I'm old enough to have caught the Grateful Dead near their end in the mid 90s. The thing the older Deadheads would always say is that you had to ‘catch them on a good night’. Even the best jazz musicians can be inconsistent so I’m giving them benefit of the doubt. I don’t think I caught Wolf Eyes on a good night, but maybe it was me just being in a bitchy mood given my run in earlier in the evening. In contrast the new Jay-Z sounded brilliant during the car ride home.

Night Two: Sleep 7/15/17

Sleep at Pioneer Works in Brooklyn 7/15/17

Sleep at Pioneer Works in Brooklyn 7/15/17

courtesy of Pioneer works

One week later I was back at Pioneer Works. This was the second night of performances by doom metal legends Sleep. The place was very crowded, so much so that a line was coiled around the block to get in. While vigilantly holding my place on line, my date and I had plenty of time to play a round of “overrated/underrated”. There was a lot of police activity on the streets, but seemed to have nothing to do with all the open air pot smoking. Sleep’s record Dopesmoker from 1997 defined the genre of the stoner metal. It’s an important part of the experience.

Pioneer Works felt familiar this time around. It was my second viewing of the “Grand Ole Opera’ art exhibition by Willie Stewart and Brant Stewart, and I still found their hipster-bros-from-down-south schtick shallow. I realized they are trying to play both sides of the street by pretending to elevate the symbols of trailer park culture towards art market aesthetics, yet ironically poking fun at it. It shows us nothing new, and you could argue that this is the kind of bullshit that motivates Trump voters to lash out at us coastal elites. I digress.

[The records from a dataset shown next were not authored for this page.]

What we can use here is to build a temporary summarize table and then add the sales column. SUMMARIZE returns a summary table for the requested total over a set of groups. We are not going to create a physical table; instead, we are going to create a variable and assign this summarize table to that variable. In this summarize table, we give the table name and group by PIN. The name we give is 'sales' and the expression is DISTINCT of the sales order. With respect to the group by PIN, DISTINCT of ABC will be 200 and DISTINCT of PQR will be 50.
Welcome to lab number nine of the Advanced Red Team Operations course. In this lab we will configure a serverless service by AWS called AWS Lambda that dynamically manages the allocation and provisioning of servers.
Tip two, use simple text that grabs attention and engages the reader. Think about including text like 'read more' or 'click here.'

In total contrast to the performances from the previous week, Sleep was one of the best shows I’ve seen in some time. There was a totally groovy scene in the Pioneer Works garden where hippie-ish metal heads were out getting high. I wonder if the sheer amount of pot smoking forced security to look the other way. There was no opening band, so when Sleep struck out some opening chords everyone just sorta rolled inside. What is so incredible about them is that of all the bands who have ripped off Black Sabbath, they are the only ones who really wrote great songs with that approach. Arguably Sleep’s Holy Mountain is better than late period Dio-era/contemporary Ozzy Osbourne ‘s Black Sabbath records themselves if one felt compelled to have it out. Sleep extracted the heavy groove riffs of Tony Iommi and stretch them out towards transcendence. Most people in the crowd, myself included, closed our eyes and floated away into space.

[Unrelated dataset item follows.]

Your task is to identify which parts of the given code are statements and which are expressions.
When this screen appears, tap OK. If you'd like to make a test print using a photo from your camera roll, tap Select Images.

Sleep at times stood very still, and let the chords ring out and wash over you. That stillness would always build up towards a chugging, lumbering freight train of a rock song. There’s a wider spirituality in that sound.

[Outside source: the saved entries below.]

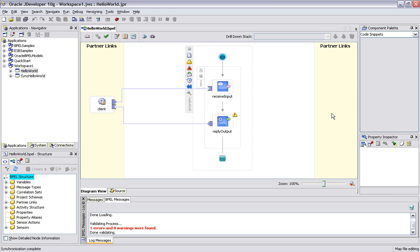We can see that we've got two activity tabs inside of our process definition right now. We have a receive input and we have a reply output, creating a completely synchronous process here.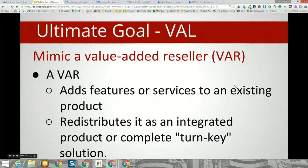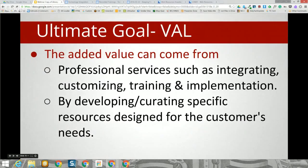Today our goal is multi-fold — we want to talk about a lot of different areas to help make your school library more relevant, vibrant, and interesting to the rest of the district. The first concept I want to introduce is the 'value-added reseller' — someone who adds features or services to an existing product, providing training and additional resources. Our goal today is for you to become a VAL — a value-added librarian.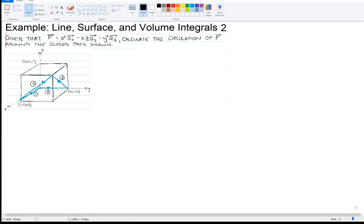This is an example of line, surface, and volume integrals, particularly the line integral. In this example, we're given a vector field f which has got some component in the x direction, y direction, and z direction. We're going to calculate the circulation of f around the closed path that is shown. We've got this unit cube, and we're walking in a directed, closed path, so we're calculating the circulation.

I’m guessing the three members of Sleep (and Wolf Eyes for that matter) are in their early to mid-forties. There’s a template of the heavy metal stars from the 1980s who sailed into middle age with style, as permanently semi-retired rock royalty. I am thinking of Lemmy or Ozzy. Sleep are incredibly successful, but not in the conspicuous way that the aforementioned rockers are. They remind me of the great bands who split up and grew tremendously during the interim, like Mission of Burma or Tribe Called Quest. These are the sort of artists who have accepted change and somehow come back to their original bands reinvigorated with new ideas and adult perspectives.

I’m looking forward to seeing what Pioneer Works shows/does in the future. Through the sheer force of ambition, money and boardroom cultural capital they forged a spot in New York City’s arts landscape merging the rock venue, gallery, and institution in a way that we haven’t seen before.